Preserving Historical Context While Responding to Present Housing Needs
Having served the assisted living needs of Lancaster’s senior residents since 1905, the historic Long Home (now known as Long Crest) had been vacant since 2011. Its owner, Presbyterian Senior Living (PSL), adaptively reused both the main Long Home structure and a nearby carriage house while constructing a new building addition for approximately 70 residents.
To maximize redevelopment efficiency, and achieve the historical commission’s desires, the carriage house was carefully relocated and integrated into this building addition. RGS collaborated with the project architect and general contractor to determine the best location for the carriage house.

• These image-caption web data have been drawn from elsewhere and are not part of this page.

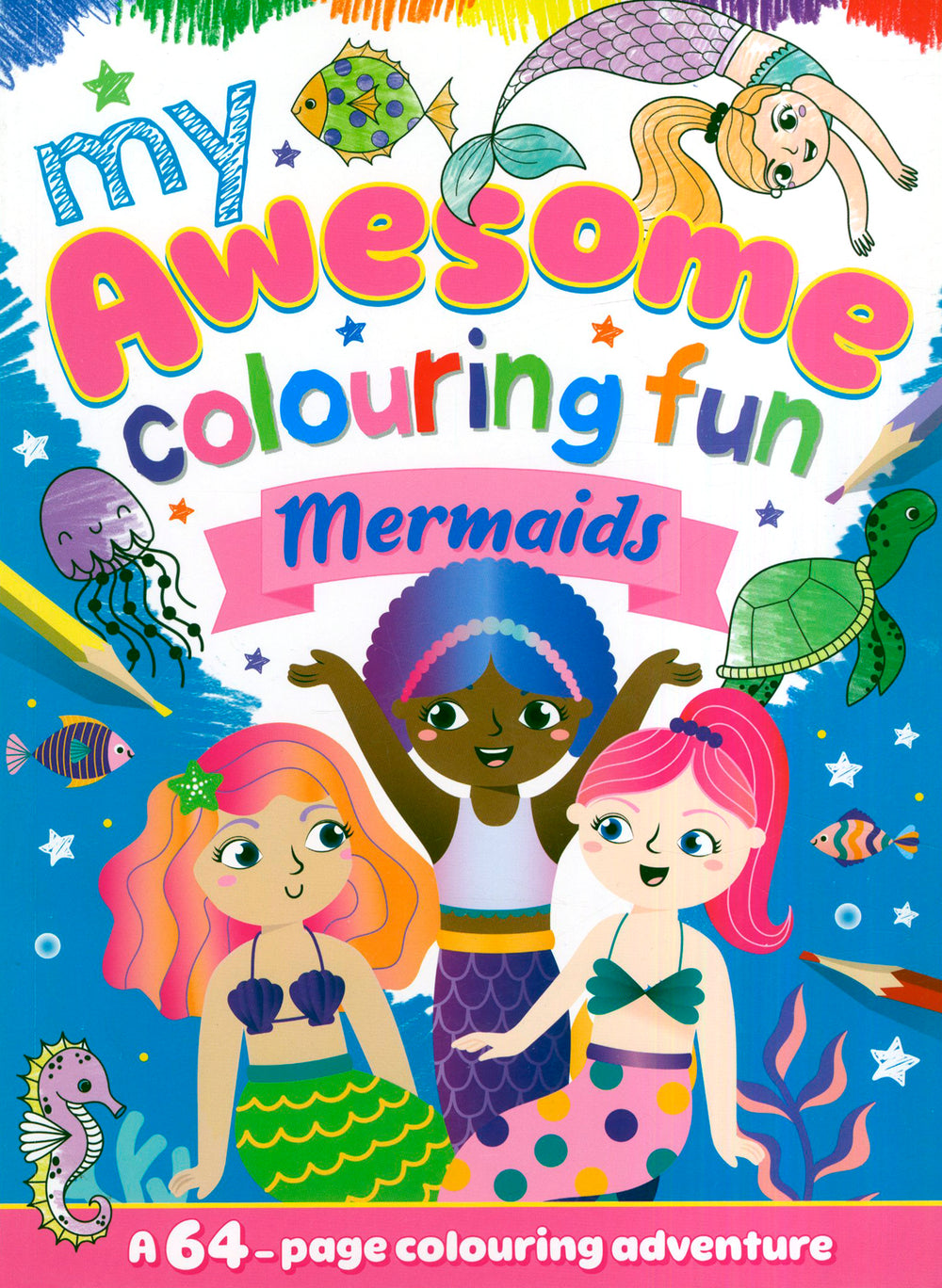 My Awesome Colouring Fun Mermaids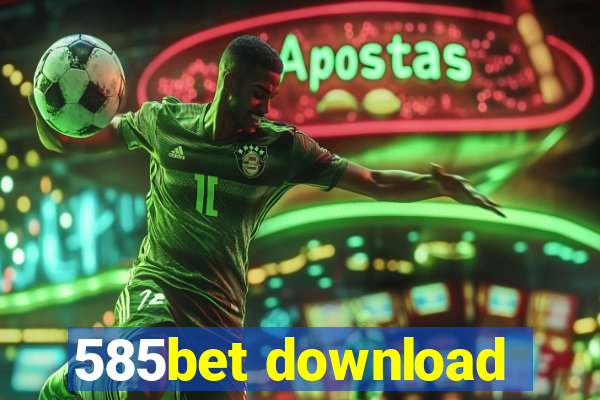 585bet download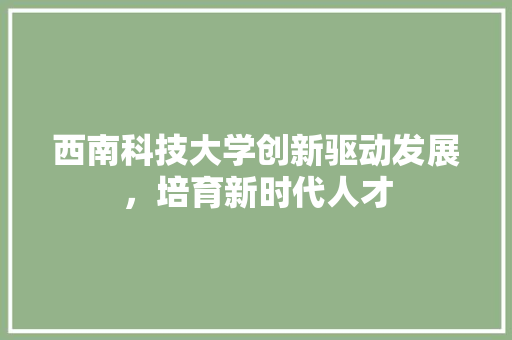 西南科技大学创新驱动发展，培育新时代人才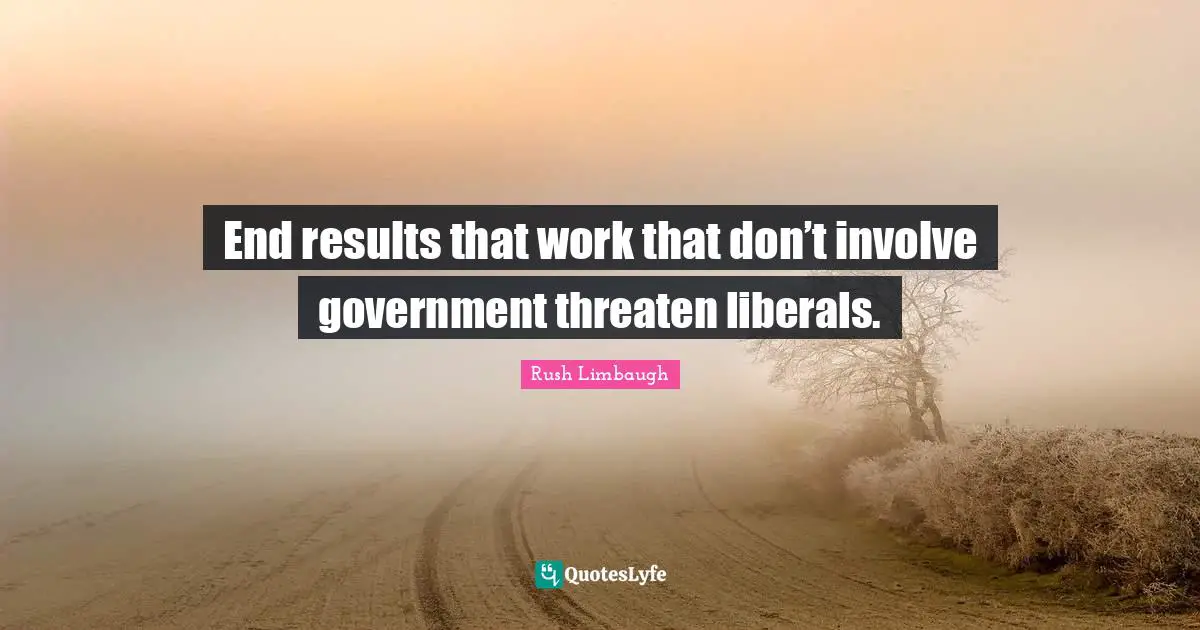 End results that work that don’t involve government threaten liberals.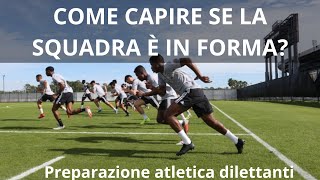 Come capire se la squadra è in forma preparazione atletica dilettanti [upl. by Amar391]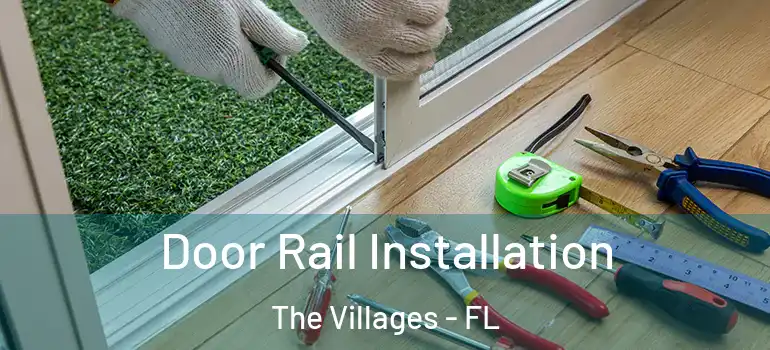 Door Rail Installation The Villages - FL
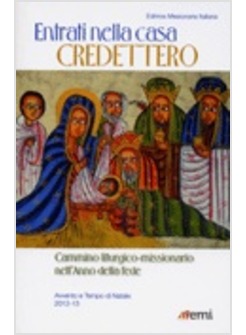 ENTRATI NELLA CASA CREDETTERO.CAMMINO LITURGICO-MISSIONARIO NELL'ANNO DELLA FEDE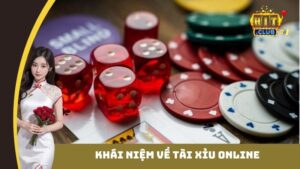Khái niệm về tài xỉu online- hitclub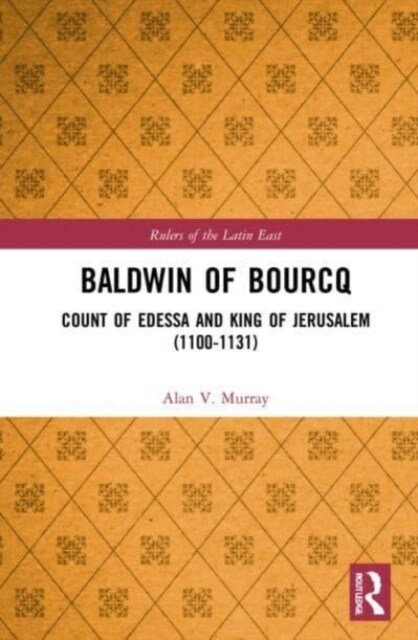Baldwin of Bourcq : Count of Edessa and King of Jerusalem (1100-1131) (Paperback)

Thoughtful Redevelopment Through Modern Design Strategies
Preserving public views toward the front sides of these historic structures, RGS intentionally located the new structure and parking area within what had traditionally been the rear portion of this approximately 4-acre property. All service functions such as deliveries, parking, and refuse collection now occur within a mostly hidden service courtyard, while iconic rolling lawns and many mature trees remain undisturbed by these recent additions.
Working with the South Central Transit Authority, RGS proposed a new bus stop with a connecting walkway to encourage residents and neighbors to utilize available public transportation. This new walkway follows the earlier route of Long Home’s original carriage drive. The location of the new structure along Walnut Street was also an attempt to further enhance the streetscape, with the new building’s architecture somewhat mimicking the rhythm and details from nearby streetscapes. Doing so allowed for the creation of a service courtyard where cars now park and deliveries are received.
Fitting Affordable Housing into an Established Neighborhood
Construction of multi-family, independent living facilities within Lancaster’s R-4 Zone required a Special Exception from the city’s Zoning Hearing Board. This project also required approvals from Lancaster’s Traffic Commission, Shade Tree Commission, Historical Commission, City Council, and Planning Commission.
Throughout this extensive process, several meetings were scheduled with Long Crest neighbors who initially opposed redevelopment efforts, but eventually voiced their support once specific project details were known.
Thanks in large part to the RGS team’s innovative and thoughtful design strategies, Long Crest now provides much-needed affordable housing, adaptively reuses two landmark structures, and once again contributes to its distinctive neighborhood context.